03/11/2008
The effectiveness of television ads are declining, but as long as television keeps expanding, the ads themselves are going nowhere. Changing how TV ads are delivered can transform them from the waste of media they often seem to be into a relevant brand invitation.
Targeted advertising and interactivity can accomplish this by harnessing viewer input to trigger ad selection and subsequent communications. Herein lies the opportunity to finally break away from simple demographics and context and move towards marketing to complex individuals based on their multifaceted tastes and individual needs.
There are ways to know, or guess, who is watching a television and their preferences. While there are currently some privacy concerns, for the purpose of this column, it is only important to know that targeting is possible with existing technology.
I define "Targeted TV Advertising" as: Using gathered data, artificial intelligence and feedback from viewers to display messages viewers indicate to be relevant and predict the relevance of other messages.
Targeted Ad Selection
In addition to automatic profiling based on viewing habits, with a little interaction, viewers themselves can actively affect ad selection. For instance, while watching a TV spot, a viewer can give it a "thumbs up" or "thumbs down" by pressing a button on his remote. Like StumbleUpon for TV, over time the system will learn his likes and dislikes and adjust its ad service accordingly. This differs from current opt-in "press to play" ad systems because the ads are displayed inline and appear with or without user prompting. For the less privacy-conscious this can be augmented by filling out a preference questionnaire, thus ensuring the best possible matches for the viewer and the advertiser.
Some tangible benefits of filling out the questionnaire:
No tampon ads in a household of men.
Mortgage ads for those in the market for a new house.
Pet foods ads to people with pets, not for those without.
No non-kosher food ads for kosher families.
Targeted advertising largely solves the issue of relevance, but how do we extend our message and make it easier for the viewer to become a customer?
Interactivity and Message Extension
Acting upon information in a TV spot is hard. Not only is the ad itself competing for attention, so is the act of processing it, remembering it and acting on it at the appropriate time.
Responding to an ad can be made easier using the same remote control technology as above, additionally gathering data and increasing brand touch points for the advertiser.

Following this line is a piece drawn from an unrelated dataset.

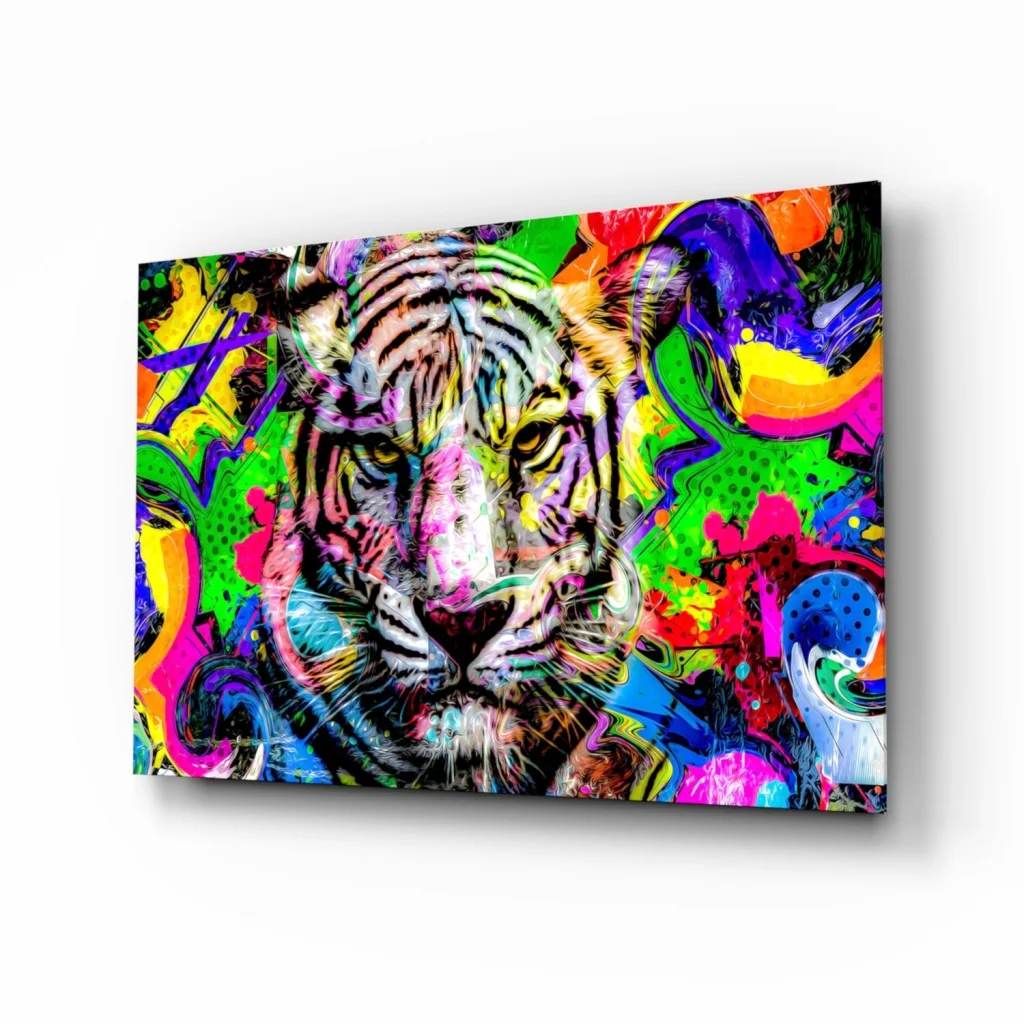 Vibrant Neon Tiger Graffiti Pop Art Canvas Wall Art with multicolored stripes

If a viewer sees a spot he wants more information about, he can click a button on his remote, and the brand will send him an email to peruse at his leisure. Or, to get more sophisticated, pressing a different button will send a brochure in the mail or a text message with a coupon to use at the local store. To those familiar with "direct response television" (DRTV), this extends those principles, but lowers the barrier to interact (pressing a button versus making a phone call) and increases the breadth of actions that can be performed automatically.

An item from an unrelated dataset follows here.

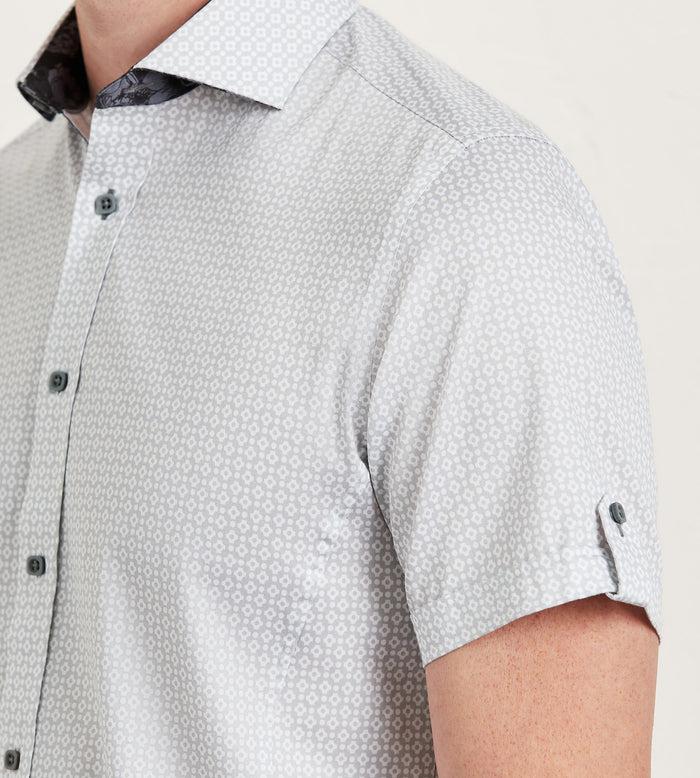 Tip Top Modern Fit Short Sleeve Geo Pattern Casual Shirt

If an advertiser hooks these leads into their customer relationship management system (CRM), they have a self-engineered gold mine because not only do they know how many people saw their spot, they know who the people are and where they live, allowing all other marketing efforts to be more focused. When advertisers have better information, they can put out fewer, better communications with greater effect, nurturing more meaningful relationships with customers. Who would send out 100,000 cheap direct mail pieces with a low return rate when they could send out really impressive, sexy packages to people who watched their spot and liked their product?
In conclusion, targeted television advertising has two main strengths. The first is that it requires guesswork for an advertiser to pick an audience for a product, but the audience is rarely wrong when it chooses the product itself. Secondly, and more importantly, viewers will be treated as real people whose opinions matter, and their time and attention will be respected. As viewers and advertisers, let’s all hope that targeting comes to television soon.